→ EXERCISE GOAL
The line containing "Ford Capri Mk2" marks the end; return exactly every line from the start of the records up to and including it, but no pictures.

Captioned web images
=-=-=
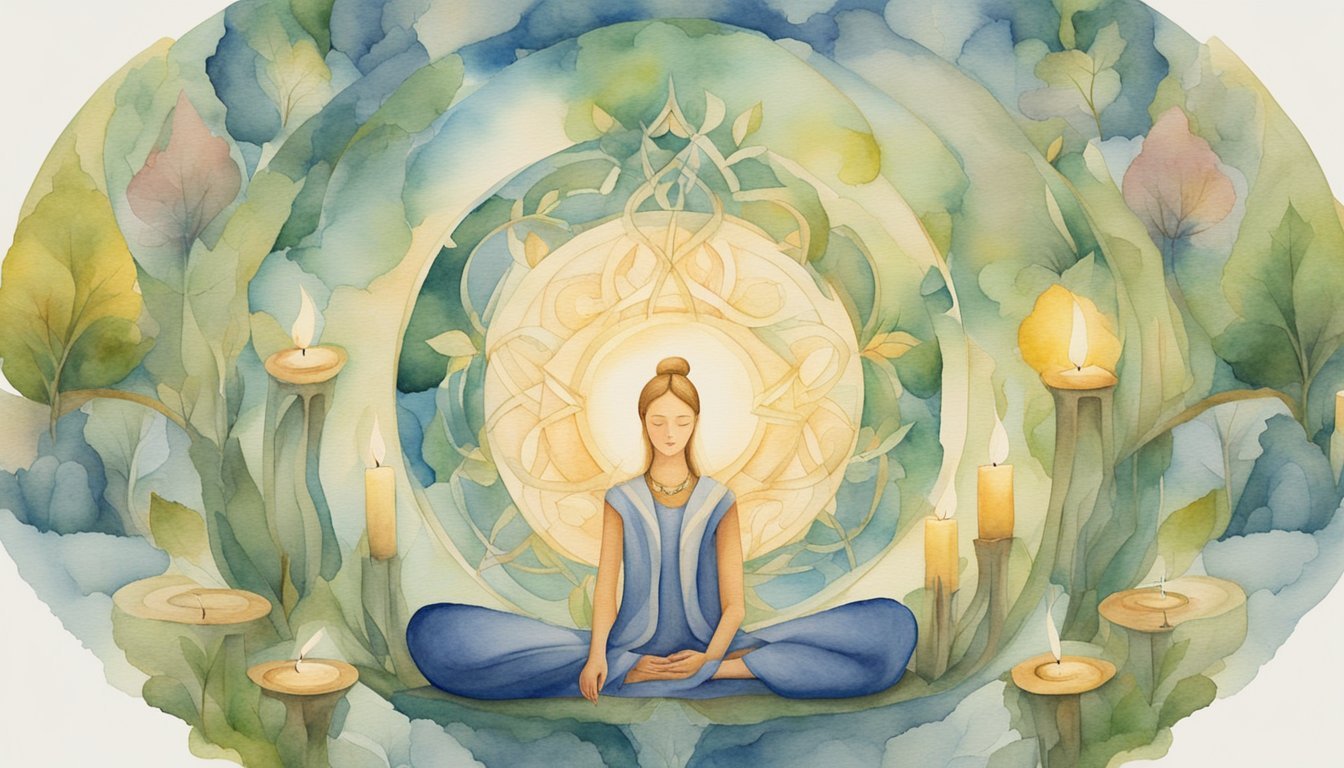 A serene figure sits in a circle of candles, surrounded by symbols of nature and spirituality.</p><p>The air is filled with a sense of peace and reverence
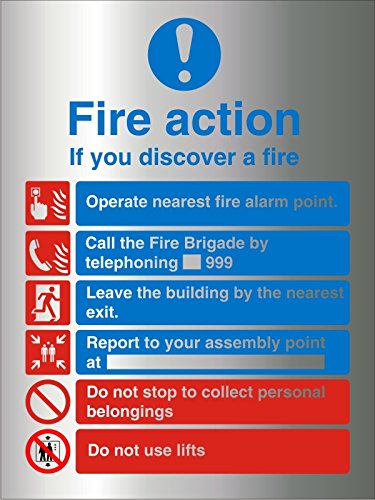 Fire Action Sign Aluminium 30 x 21 cm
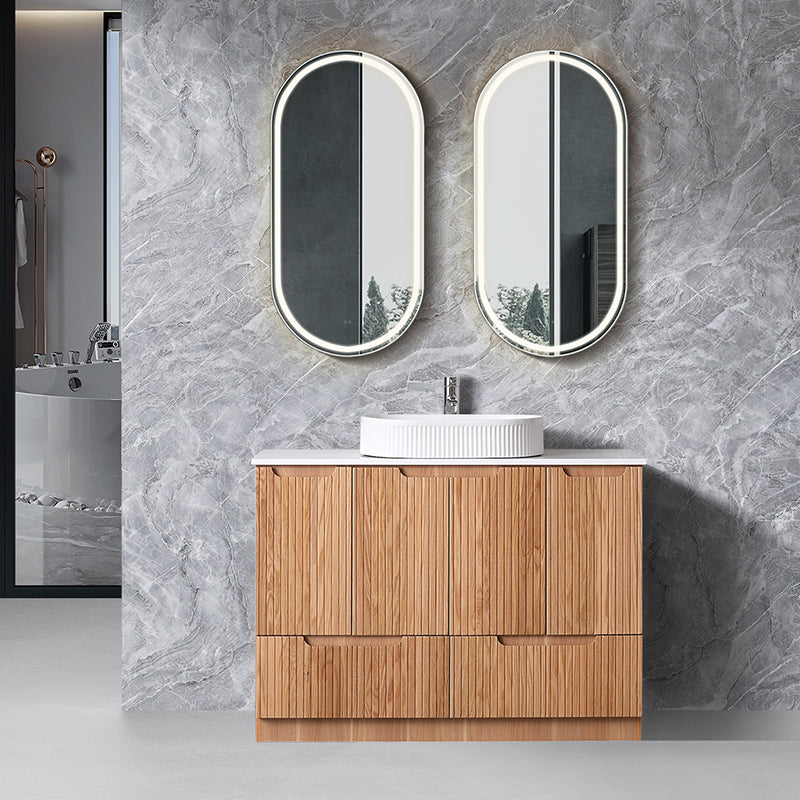 Duplex Collection Floorstanding Rosewood Overall 880×455×855mm Vanity with Ceramic Slimline Top (UV31)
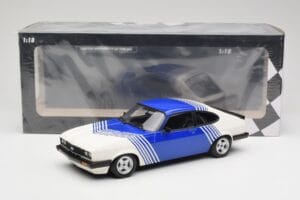 Ford Capri Mk2 3.0 Fehér Kék Csíkokkal Minichamps 1:18 155788600 Fém – 6. kép a 6-ből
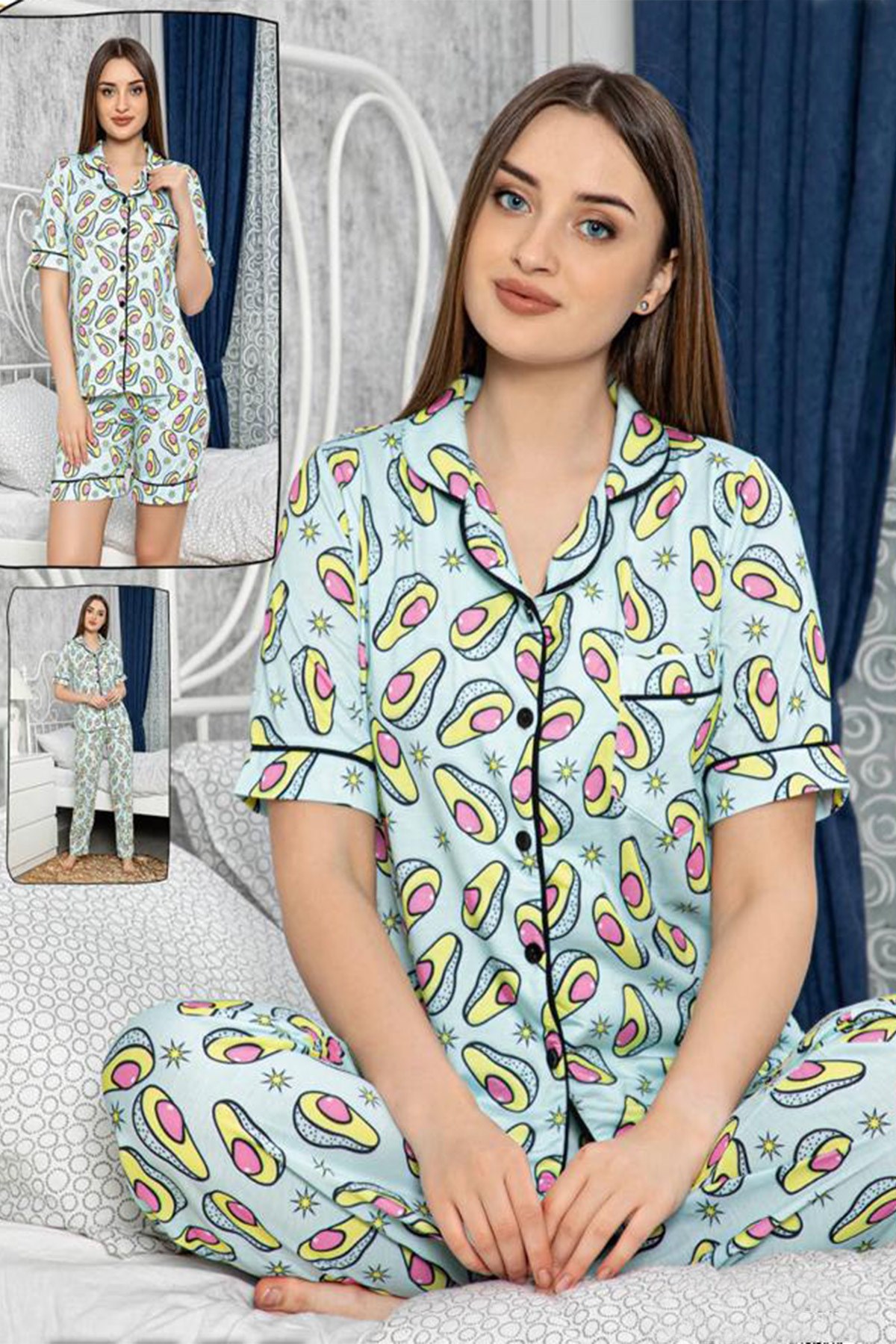 Shona 34080 Önden Düğmeli Lohusa Pijama ve Şortlu Set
=-=-=
→ RESULT
 A serene figure sits in a circle of candles, surrounded by symbols of nature and spirituality.</p><p>The air is filled with a sense of peace and reverence
 Fire Action Sign Aluminium 30 x 21 cm
 Duplex Collection Floorstanding Rosewood Overall 880×455×855mm Vanity with Ceramic Slimline Top (UV31)
 Ford Capri Mk2 3.0 Fehér Kék Csíkokkal Minichamps 1:18 155788600 Fém – 6. kép a 6-ből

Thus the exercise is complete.